Liu, W., & Ruths, D.: What’s in a name? Using first names as features for gender inference in twitter. In: AAAI Spring Symposium Series (2013)
Despite significant work on the problem of inferring a Twitter user's gender from her online content, no systematic investigation has been made into leveraging the most obvious signal of a user's gender: first name. In this paper, we perform a thorough investigation of the link between gender and first name in English tweets. Our work makes several important contributions. The first and most central contribution is two different strategies for incorporating the user's self-reported name into a gender classifier. We find that this yields a 20% increase in accuracy over a standard baseline classifier. These classifiers are the most accurate gender inference methods for Twitter data developed to date. In order to evaluate our classifiers, we developed a novel way of obtaining gender-labels for Twitter users that does not require analysis of the user's profile or textual content. This is our second contribution. Our approach eliminates the troubling issue of a label being somehow derived from the same text that a classifier will use to infer the label. Finally, we built a large dataset of gender-labeled Twitter users and, crucially, have published this dataset for community use. To our knowledge, this is the first gender-labeled Twitter dataset available for researchers. Our hope is that this will provide a basis for comparison of gender inference methods.

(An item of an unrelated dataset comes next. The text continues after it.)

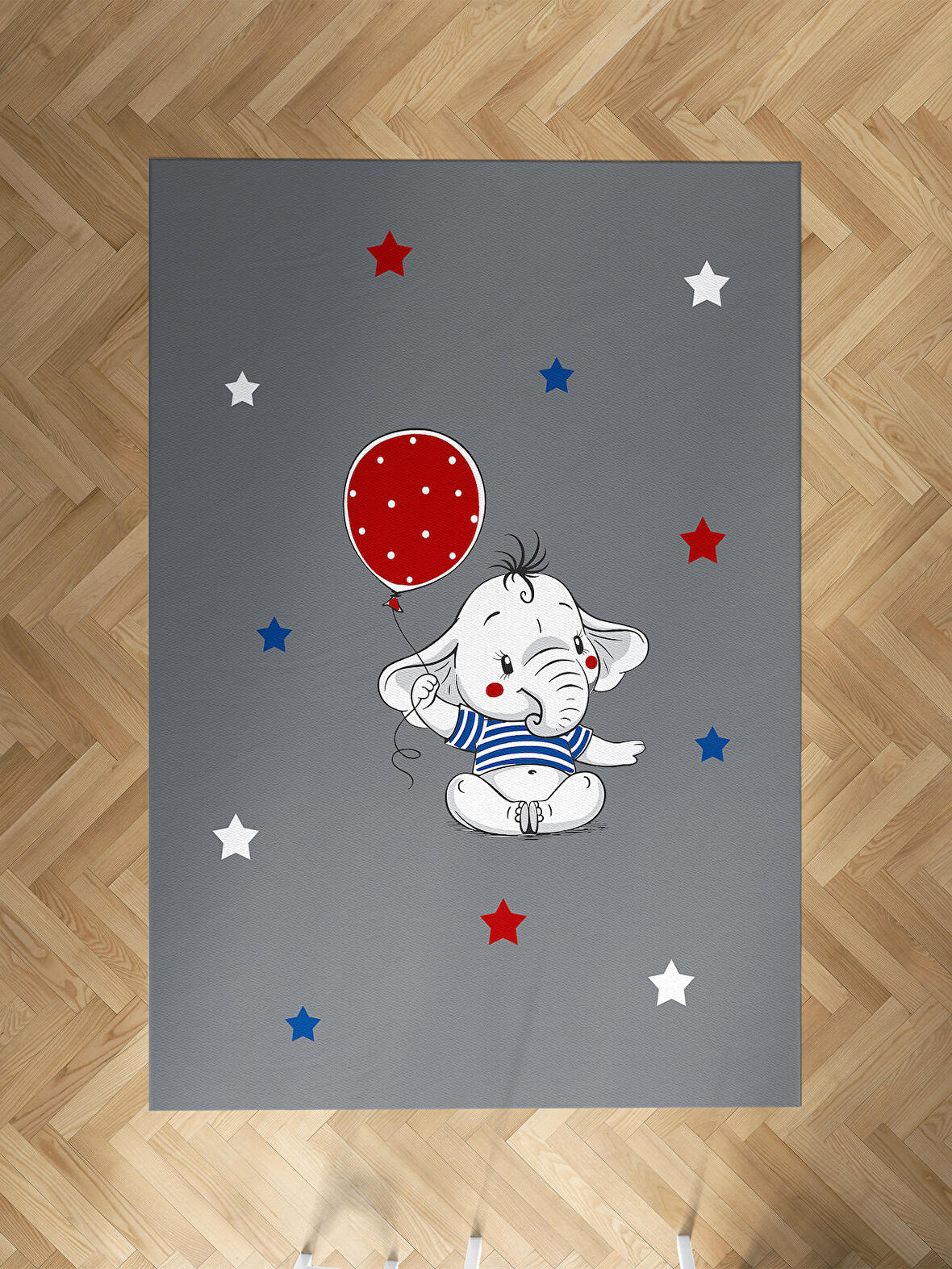 MEKTA HOME BEBEK VE ÇOCUK ODASI Filli Kırmızı Balon Desenli Halı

In this paper, Liu and Ruths study the incremental value of using a Twitter user’s name as a feature for gender inference. They achieve this by designing and implementing 2 different gender inference methods that utilize the user’s self-reported first name in varying ways.They derive a gender name association score utilizing the name distributions collected from the US census. This score is based on the logic that there are names that are very specific to a females or males while other are common among both genders. In one method, this name association score was included as a feature and integrated into a text features based classifier while in the other, this score was used as a threshold, determining whether or not to follow up with a classifier (different thresholds were tested).The authors found that both methods that incorporate the name information outperform the baseline classification method devoid of name features. The threshold approach only made a modest improvement in the accuracy of gender inference compared to the integrated method. The authors explain this by suggesting the majority of names are strongly gendered or unknown.